One example of many comes from Lord Rosebery, a former British
Foreign Secretary (1886, 1892-1894) and Prime Minister (1894-1895). He spoke in
November 1900 to the students of Glasgow University about the British Empire:
“How marvelous it all is! Built not by saints and angels, but by the work of
men’s hands; cemented with men’s honest blood and with a world of tears, welded
by the best brains of centuries past; not without the taint and reproach
incidental to all human work, but constructed on the whole with pure and
splendid purpose. Human, and yet not wholly human, for the most heedless and
the most cynical must see the finger of the Divine.
“Growing as trees grow, while others slept; fed by the faults of
others as well as the character of our fathers; reaching with a ripple of a
restless tide over tracts, and islands and continents, until our little Britain
woke up to find herself the foster-mother of nations and the source of united
empires. Do we not hail in this less the energy and fortune of a race than the
supreme direction of the Almighty?”
In those more biblically literate times, people like Lord Rosebery saw
some parallel between their own remarkable circumstance and that of the chosen
people of ancient Israel. Was not God blessing them as he had promised to bless
those same ancient people? It did not seem unreasonable to see the British
Empire as the Kingdom of God on earth and the British people as the “chosen of
God.”
The British Empire
Many of the builders of the empire aspired to construct a peaceful,
happy, unified domain with a quarter of the world’s population living under
British rule. To their great credit, British administrators sent to colonial
and imperial territories throughout the globe did an admirable job in
establishing and extending law and order. In many regions, the British
presence stimulated economic development and brought Western technological
advances.
The Pax Britannica enforced peaceful conditions in many regions of the
world formerly troubled by war. Men like William Wilberforce (1759-1833) were
instrumental in the abolition of the slave trade. And British
missionaries became the bearers of Christianity to people from one end of the
globe to the other.
However, for all the good that the empire may have accomplished, it
fell far short of the realities that the Kingdom of God will bring. Christ’s
kingdom will be worldwide (Psalm 47:1-9). If the British brought with them
their own laws, Christ will bring and enforce the law of God (Isaiah 2:3;
11:2-5).
British prosperity was transient and accompanied by all the attendant
social evils that are so often found in industrial civilizations. The economic
stability brought by Jesus Christ to humanity will be pure, equitable, and
enduring (Isaiah 65:22-23; Amos 9:13; Micah 4:4).

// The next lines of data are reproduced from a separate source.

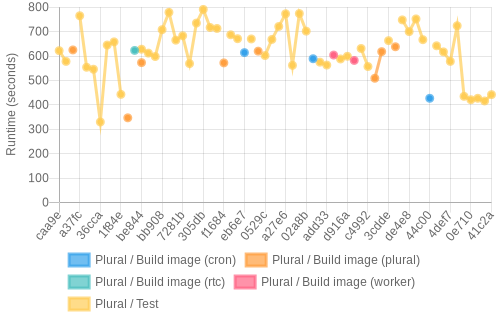 job runtime chart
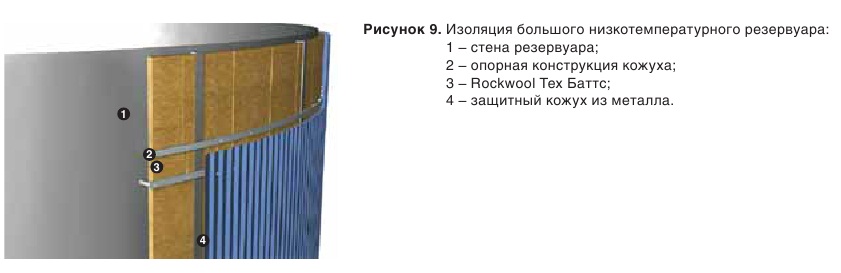 Изоляция большого низкотемпературного резервуара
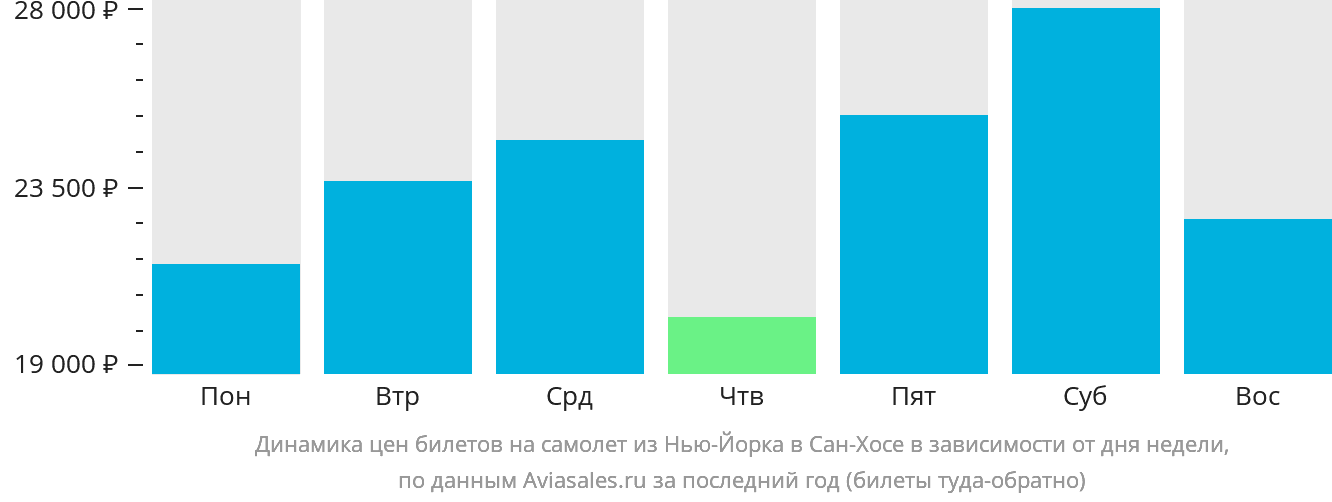 Динамика цен билетов на самолёт из Нью-Йорка в Сан-Хосе в зависимости от дня недели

The peace of the British Empire was a human creation — something
dependent on control of strategic passageways, overwhelming military might, and
technological superiority. Moreover, in places the Empire itself was a
perpetual battlefield, troubled by numberless imperial wars. There was even
conflict between the British government and the various English, Celtic, and
Dutch populations in Ireland and South Africa.

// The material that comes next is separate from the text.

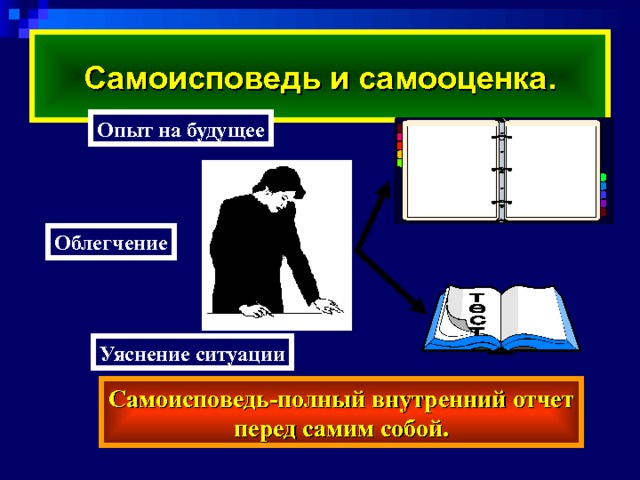Самопознание и развитие личности индивидуальный проект разработка урока "Самопознание и развитие личности"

The peace of Christ (Isaiah 9:6) will be based on a remarkable change
in human behavior induced by the writing of the law of God on the hearts of the
men and women of the world (Ezekiel 36:26-27; Matthew 11:28-30). The hopes of
Englishmen to Christianize the world fell far short of expectations. Jesus
Christ will succeed where all who have gone before Him have failed (Jeremiah
31:34). Inevitable tendencies toward ambition and selfinterest limited even the
best British intentions. In contrast, Christ will rule with fairness and equity
(Matthew 20:20-28).
If the British Empire had its various flaws, shortcomings, and weaknesses,
it nevertheless provides us with a pattern pointing to the fulfillment of some
of the most important and exciting prophecies in all the Bible. But first let’s
understand a little bit of its history.
The historic importance of the 19th century
Britain was not always “great.” Indeed, the real rise of both Britain
and America came after 1800. Herbert Armstrong wrote: “It may not be generally
realized — but neither Britain nor the United States became great world powers
until the nineteenth century. Suddenly, in the very beginning of the nineteenth
century, these two — until then small, relatively unimportant countries —
suddenly spurted to national power and greatness among nations, as no nations
had ever grown and multiplied in wealth, resources and power before...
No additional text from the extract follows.